Boêmio e mulherengo, Noel Rosa era tão bom em compor músicas como era em protagonizar histórias curiosas. Muitas delas compõe a biografia No Tempo de Noel Rosa, lançada em 1963 e agora relançada pela editora Sonora, braço literário da gravadora Discobertas. Mais que a história do compositor de Com que roupa?, o livro reconstrói passagens da vida cultural brasileira, como os cenários carnavalescos, os primeiros anos do rádio no País e a profissão de músico naqueles anos. Daí o subtítulo “o nascimento do samba e a era de ouro da música brasileira”.
O autor de No Tempo de Noel Rosa é uma autoridade no assunto. Henrique Fóreis Domingues (1908 – 1980), mais conhecido pelo apelido de Almirante, acompanhou toda a vida artística do Poeta da Vila, como amigo íntimo e parceiro no Bando dos Tangarás, grupo musical que contava ainda com o compositor Braguinha. Além de músico e compositor, Almirante foi também um pesquisador da música popular brasileira (seu acervo de mais de 50 mil itens foi doado para o Museu da Imagem e do Som do Rio) e um radialista de sucesso, que comandou programas nas principais emissoras do País.
E foi na Rádio Tupi que Almirante produziu de abril a agosto de 1951 a série No Tempo de Noel Rosa, que serviria de base para o livro. Botando sua prodigiosa memória pra trabalhar, ele contava durante meia hora os mais diversos “causos” do Filósofo do Samba. Falou de tragédias familiares, como o parto a fórceps que afundou o queixo do compositor (o que viria a se tornar uma marca registrada da sua fisionomia) ou os suicídios do pai e da avó paterna do compositor. Mas falou também de situações engraçadas como o sono petrificante de Noel ou do seu apreço pelas mulheres que conhecia em cabarés. Certa vez, foi preciso a mãe do autor de G” ir até Vitória (ES) resgatar o filho, que havia se enfeitiçado por uma morena baixinha de nome Isaura, uma das moças da Pensão da Badu.

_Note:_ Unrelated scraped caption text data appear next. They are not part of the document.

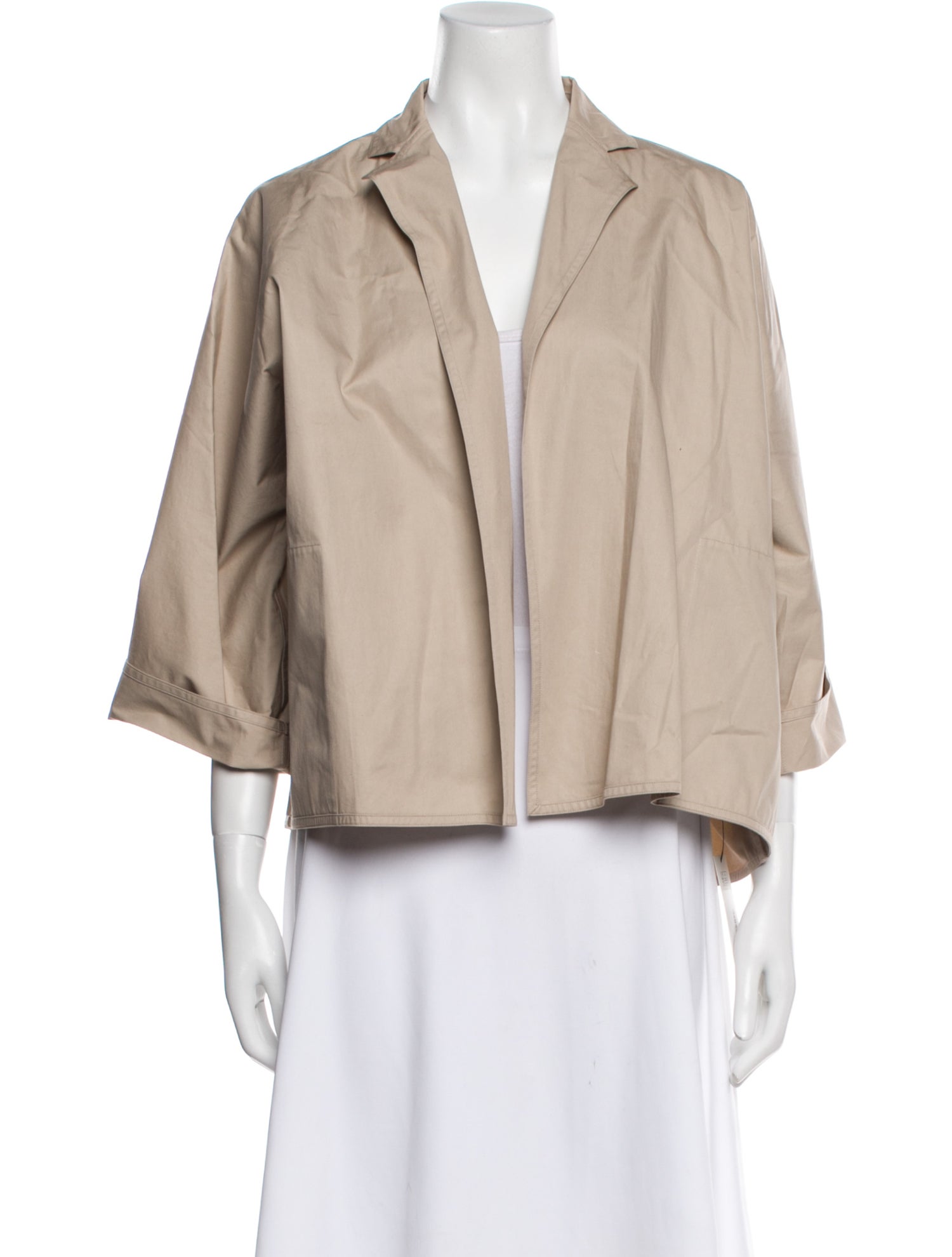 Sofie D'Hoore Jacket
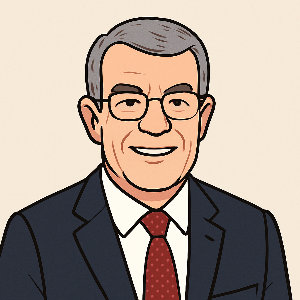 Mark Dreyfus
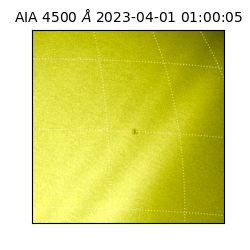 saia - 2023-04-01T01:00:05.680000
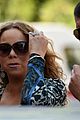 mariah carey loves being courted by james packer 16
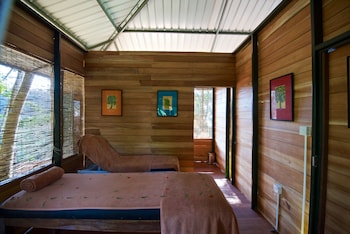 Mountbatten Bungalow,Pathahewaheta>>Kandy,4 star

Nesta terceira edição, a estrutura original, desenhada por Almirante, foi preservada. A ortografia foi atualizada seguindo as regras do acordo ortográfico de 2009, respeitando, é claro, as licenças poéticas das letras de Noel. Ruas, praças e prédios citados pelo autor também foram atualizadas de acordo com seus novos nomes. A musicografia do compositor também foi atualizada, uma vez que outras canções foram descobertas tempos depois do livro ser concluído.
Fora isso, fica preservado o estilo elegante e certeiro de Almirante falar sobre seu amigo, que foi também uma figura fundamental para se entender a música popular brasileira. Com cuidado para manter o rigor de pesquisador, o biógrafo raramente usa a primeira pessoa. Afirmando que são muitas as histórias atribuídas erroneamente a Noel, Almirante decidiu aqui esclarecer algumas inverdades sobre seu amigo. “Estas páginas não são somente uma homenagem a uma das maiores figuras do cancioneiro popular, mas um tributo à verdade, que merece respeito”.